The Human Relations Area Files (HRAF) at Yale University is launching a study to determine how cultures may have adapted to unpredictable natural hazards in the past; the work is supported by a four-year interdisciplinary behavioral science research grant from the National Science Foundation.

Founded in 1949 as a financially independent research agency of Yale University, HRAF is a not-for-profit membership consortium of universities, colleges, and research institutions that aims to encourage and facilitate the cross-cultural study of human culture, society and behavior in the past and present.

The research team will address broad questions such as: How often do events have to occur for humans to plan for them?

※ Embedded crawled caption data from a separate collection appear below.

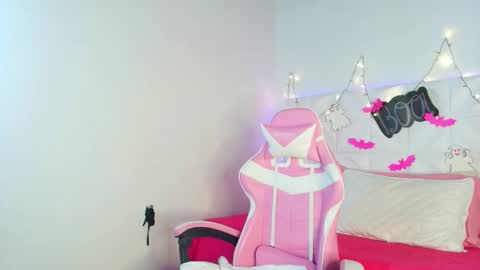 Abril  online show from October 21, 9:58 am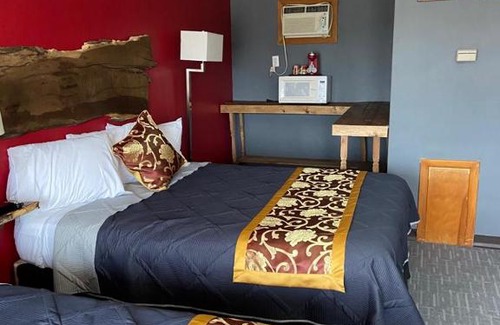Dickeyville Hotel | Tri-State Wood Inn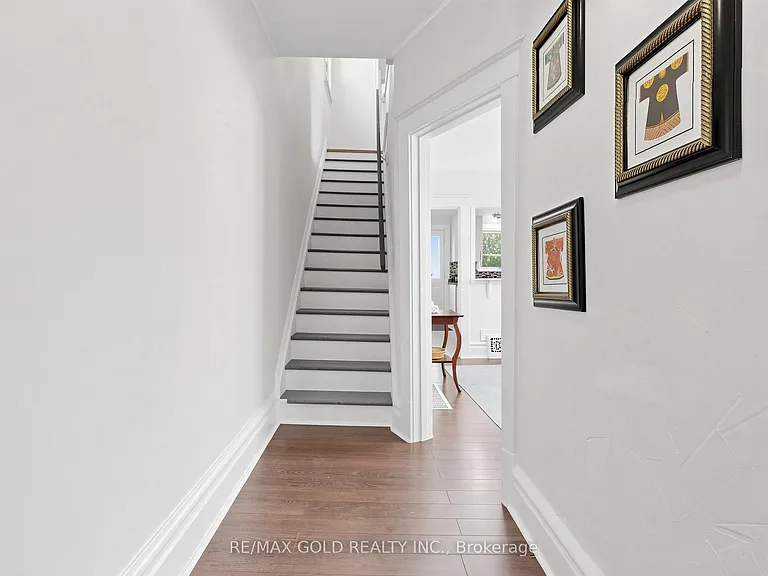 746 King St W — Photo 16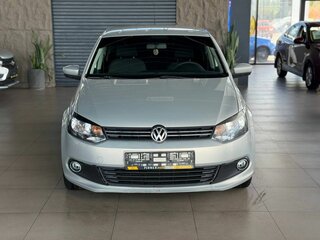 2011 Volkswagen Polo V, серебристый, 540000 рублей, вид 2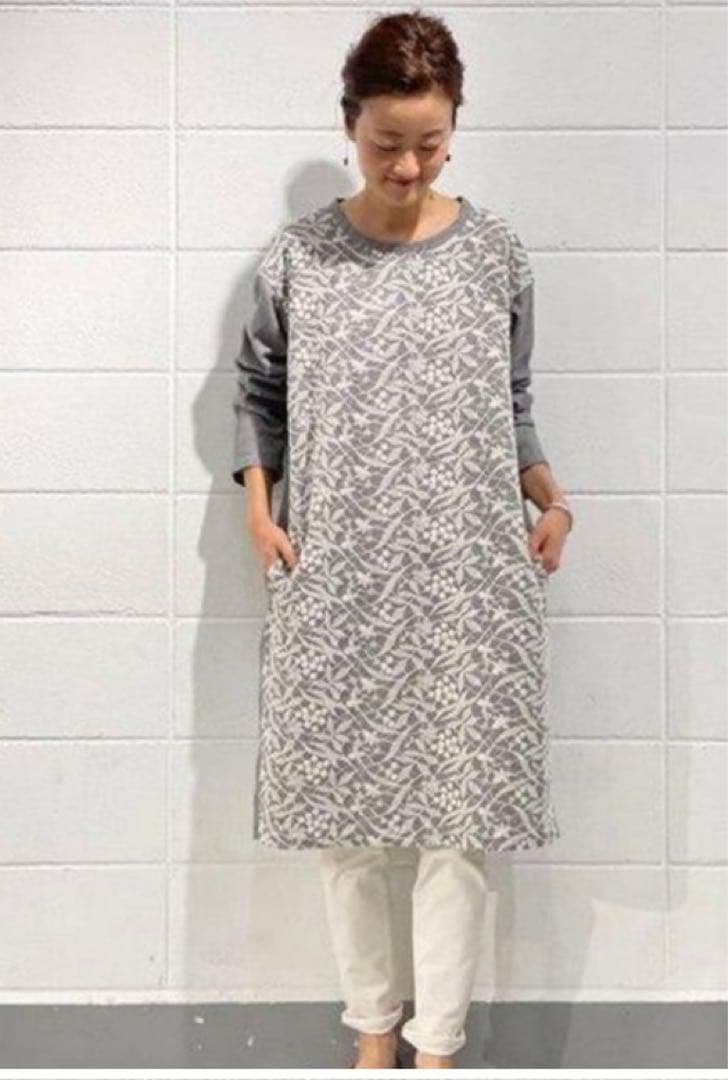 一度のみ試着　美品　ビアズリー フロント刺繍ワンピース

Do unpredictable hazards lead to different cultural transformations than do more predictable hazards? Under what conditions are contingency plans overwhelmed in the face of natural hazards that are more severe or more frequent than normal? 

Answers to these questions, the researchers say, may give insights into humans’ future engagement with climate change.

 “A major premise of the research is that climate-related disasters are not new and therefore it is imperative to understand how human societies in the past adapted to unpredictable environments,” explains Carol Ember, HRAF’s president and the principal investigator. “We expect to find that societies living in more unpredictable environments will have arrived at some common solutions, such as wider social networks, more diversification, and more cooperation, as compared with societies living in more predictable environments.”

She adds, “With our interdisciplinary team, we will be comparing ethnographically described societies, archaeological traditions going back 15,000 years to the recent past, and contemporary countries. We are looking at many different cultural domains, so for much of our research we will use eHRAF World Cultures and eHRAF Archaeology (two online databases developed by HRAF)to speed up finding the information we need.” 

The research team also includes cultural anthropologists Teferi Abate Adem and Ian Skoggard at HRAF, and Eric C. Jones at the University of Texas-Houston;  a cross-cultural psychologist, Michele Gelfand, from the University of Maryland;  an archaeologist, Peter N. Peregrine, from Lawrence University , and a climatologist, Benjamin Felzer, from Lehigh University.